If it is, he said only the main predator species would be targeted, he said.
“It’s unlikely it’ll come out to be wolves,” Aoude added. “Wolves don’t usually end up being the limiting factor.”
Another furry fanger seems to be the undisputed holder of that title in the Northwest.
A 2016 paper from a Montana Fish, Wildlife and Parks researcher looking at the Bitterroots reported that “Despite the recent recolonization of the study area by wolves, mountain lions caused more elk calf mortality than wolves in summer and winter.”
A synthesis of 15 years of wildlife data in Idaho by IDFG “found that wolves accounted for 32% of identified mortalities for female elk while mountain lions accounted for 35%. That disparity grew when looking at elk calf survival with wolves accounting for 28% of known-fate deaths and lions accounting for 45%,” Eli Francovich at the Spokane Spokesman-Review wrote in 2019.
In the Blues, a higher ratio of calves is lost between September and March than in winter, according to Aoude and that June 2020 presentation, pointing the finger in the direction of predation and specifically cougars, given their proclivity for deer-sized prey.
STILL, IT WILL BE INTERESTING TO FIND out if the elk calf work being done here over the next year replicates Idaho and Montana findings, or turns up something else. It is a different landscape with different challenges.
While I’m definitely no wildlife biologist, if I had to bet a nickel, I’d put it down on cougars as the primary predators here and I’d venture a second five-cent piece that predation rates are somewhat above what that 1992-98 WDFW study found, with wolves now taking a solid bite, though, again, not a larger one than lions.
I’d also hedge my bets by throwing a dime down on habitat issues causing strong nutritional stress for mama and baby elk, with cougars, wolves and bears subsequently taking advantage of that, depressing herd numbers and productivity and turning this into something of a nutri-dator pit.

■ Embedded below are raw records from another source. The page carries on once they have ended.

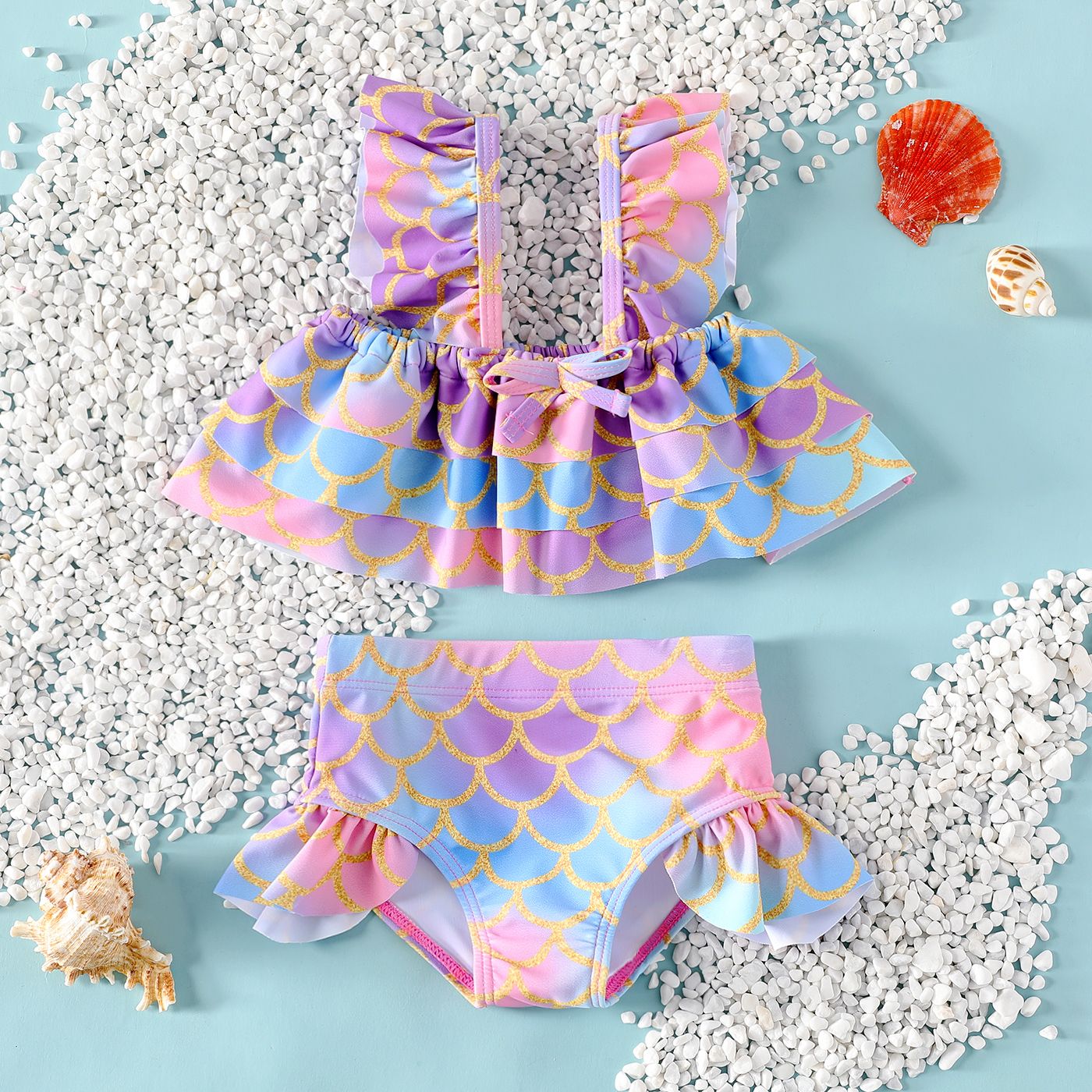

2pcs Baby Girl Ruffle Trim Two-piece Mermaid Swimsuit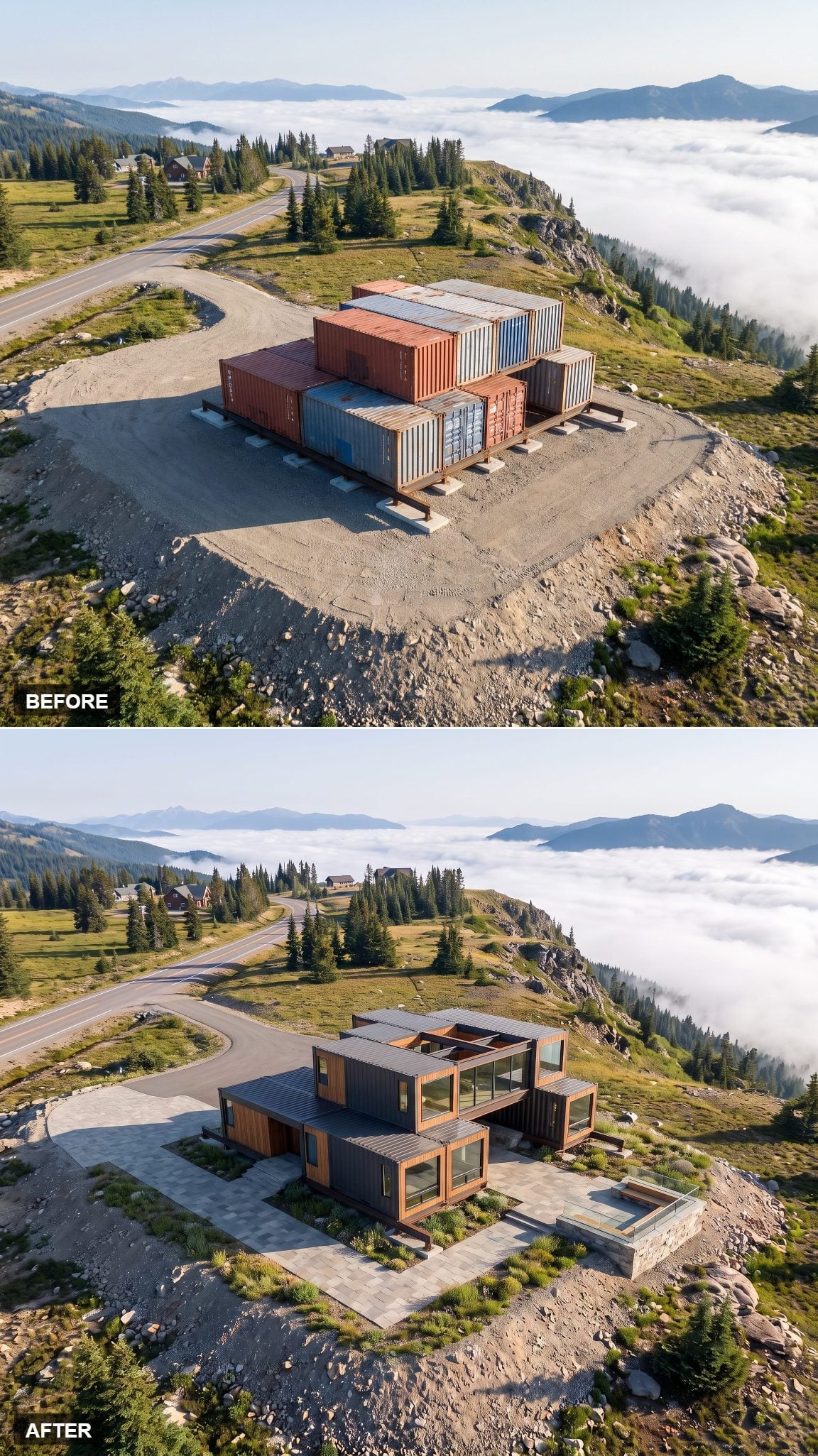 Mountain container house concept with a large pass-through opening framing the view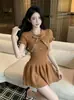 Vestido de punto pequeño estilo Chanel con cuello en V y cinturón para mujer, verano, petite, lazo, elegante, ajustado, falda corta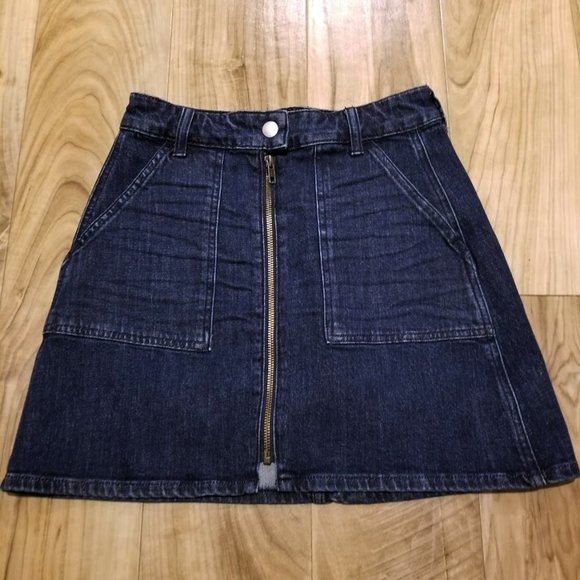 Madewell Dark Wash Zip Front A-Line Denim Blue Jean Mini Skirt 24 Womens 26.5x16 - Picture 3 of 11
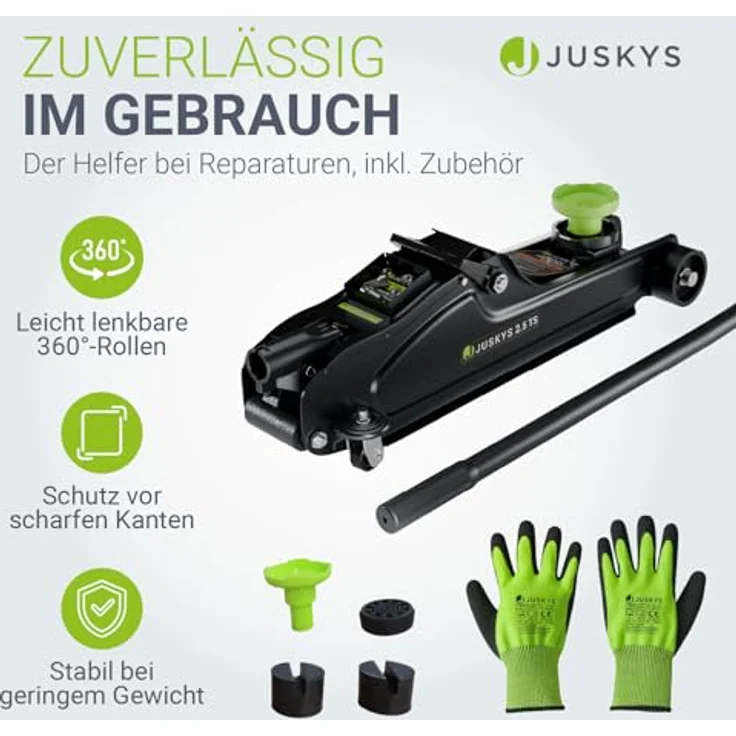 Juskys Hydraulischer Wagenheber, max. Hubhöhe 39 cm, bis 2,5 t, schwarz/grün, mit Zubehör & Handschuhen – Bild 6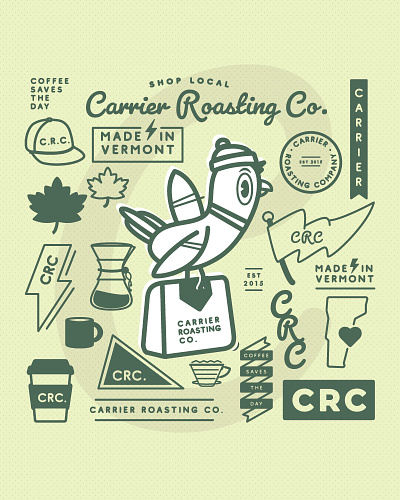 Carrier Roasting Logo Illustrations. branding coffee coffee art coffee design coffee logo coffeelogo design graphic design illustration logo logomark mascot type typography vector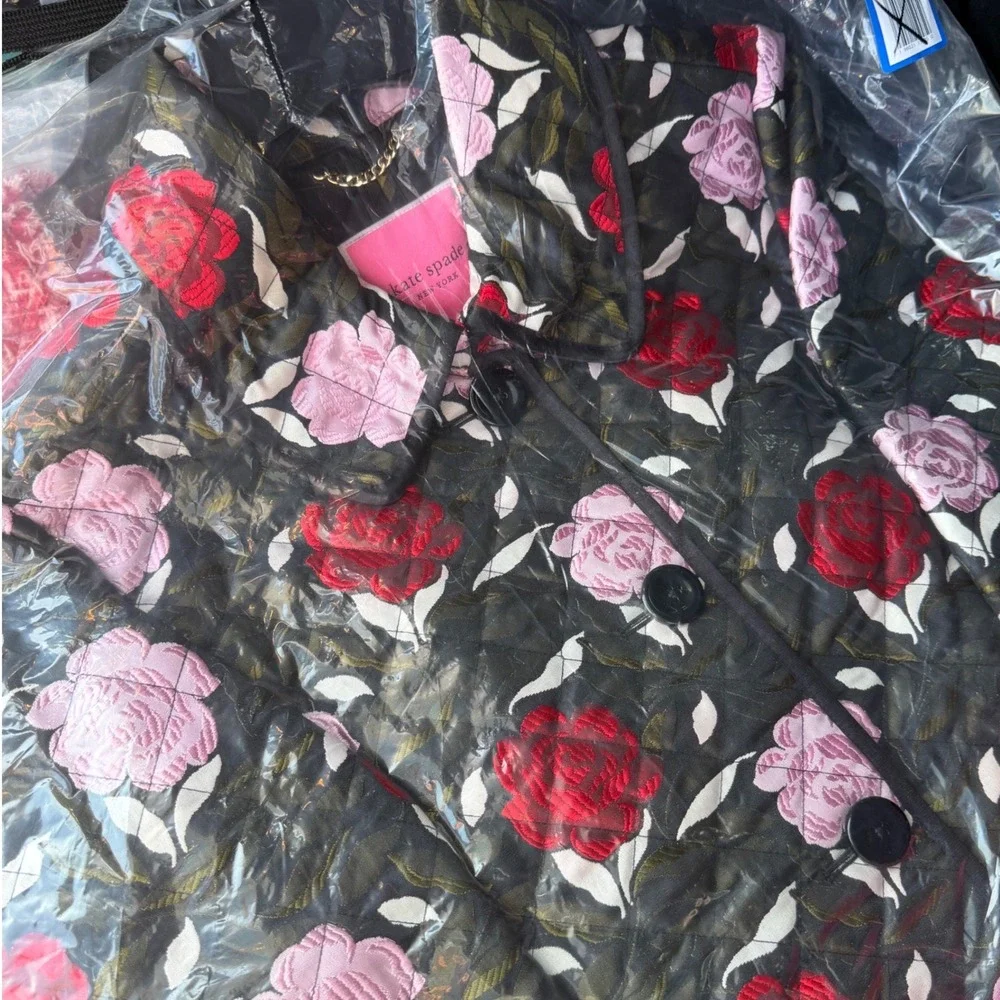 Kate Spade New York Sz XL Quilted Floral Rose Jacket Coat Black Pink Red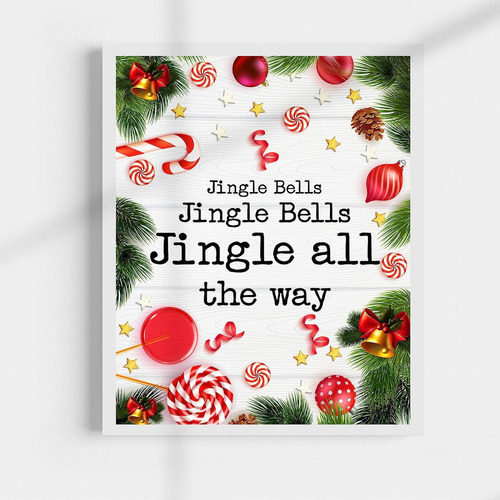 Jingle Bells-jingle All The Way Christmas Song Wall Art Deco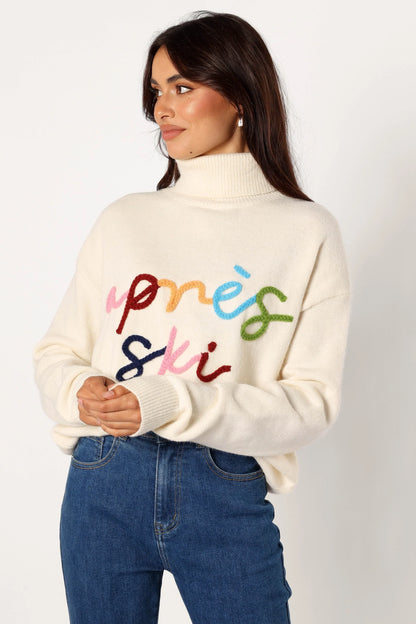 Apres Ski Turtleneck Knit Sweater Off White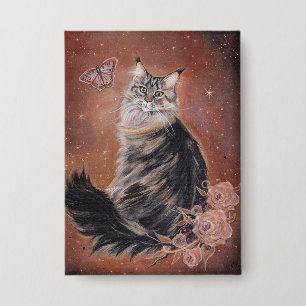 Badge chat Maine coon avec art de fleurs par Renee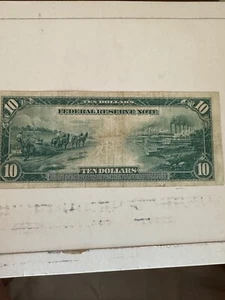 1914 $10 US Federal Reserve Note Large Note Blue Seal Fr# 927a *0516 - Picture 1 of 2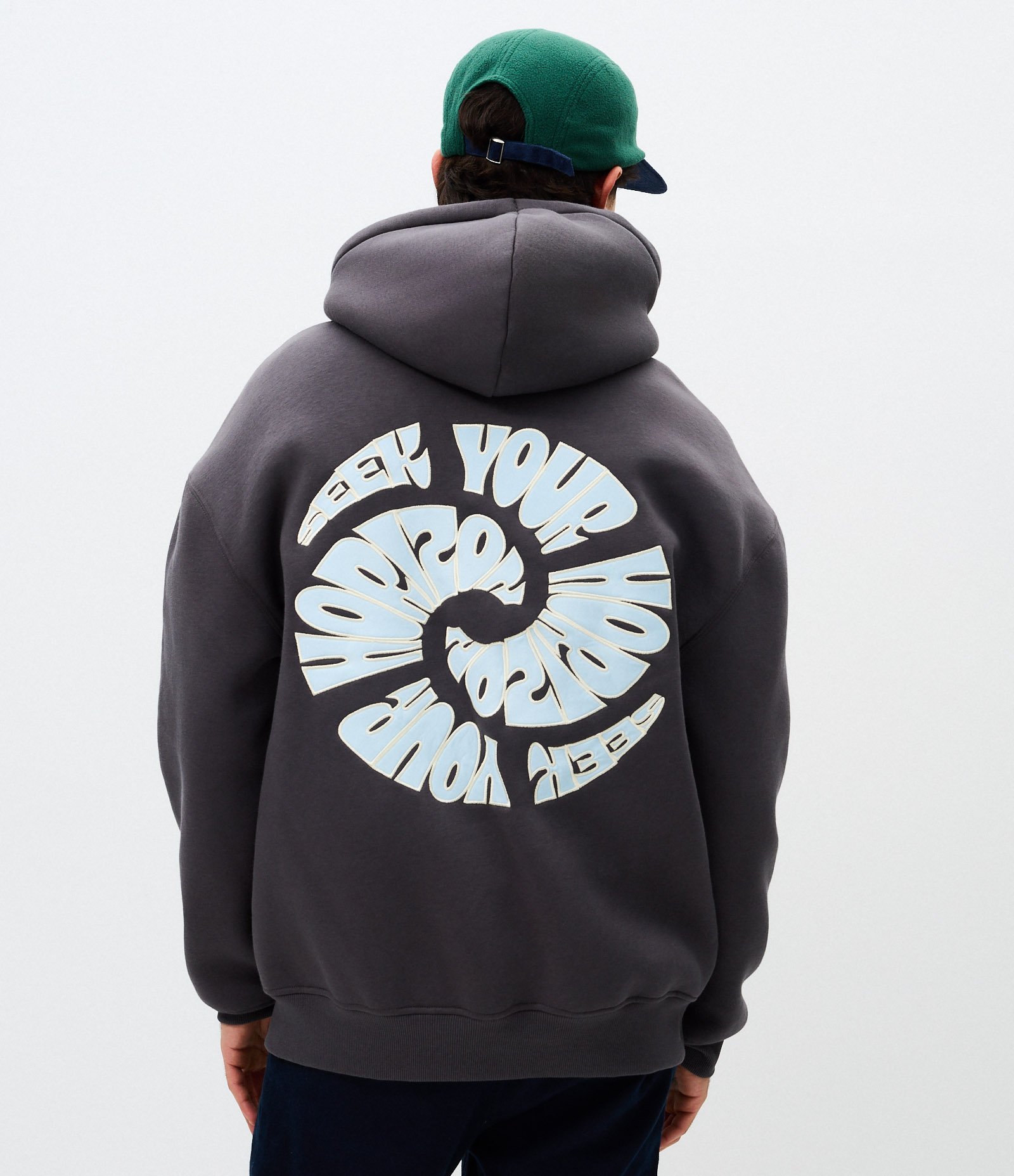 Moletom com Lettering Seek Your Horizon e Capuz Cinza 3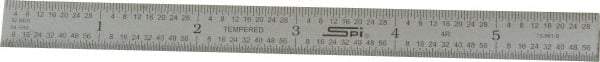 SPI - 6" Long, 1/64, 1/32, 1/16, 1/8" Graduation, Flexible Steel Rule - 4R Graduation Style, 1/2" Wide, Silver, Satin Chrome Finish - Eagle Tool & Supply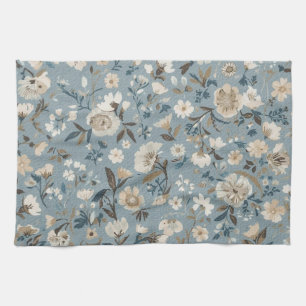 Staubblau Braun Creme Cottage Blumenmuster Geschirrtuch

“It’s complicated. Everybody wants it to be one thing and it’s never one thing,” said Aoude. “If we see predation is the issue, we can mitigate that, but not for a long period.”
That’s an expensive proposition, as IDFG’s Mark Hurley and other ungulate researchers have stated.
The long-term solution is better habitat for the elk.
I don’t hunt the Blues for wapiti, but as a Washington hunter I do appreciate WDFW going to these lengths – the calf capture-collar project and the literature assessment.
Given how incredibly sensitive all things Evergreen State predator have become – witness the ridiculous spring bear and wolf lawsuits, advocates endlessly pressuring the governor on wolves and cougars, a certain commissioner recently seemingly trying to derail bear seasons for no good reason – they absolutely must have a solid scientific base should control actions be taken.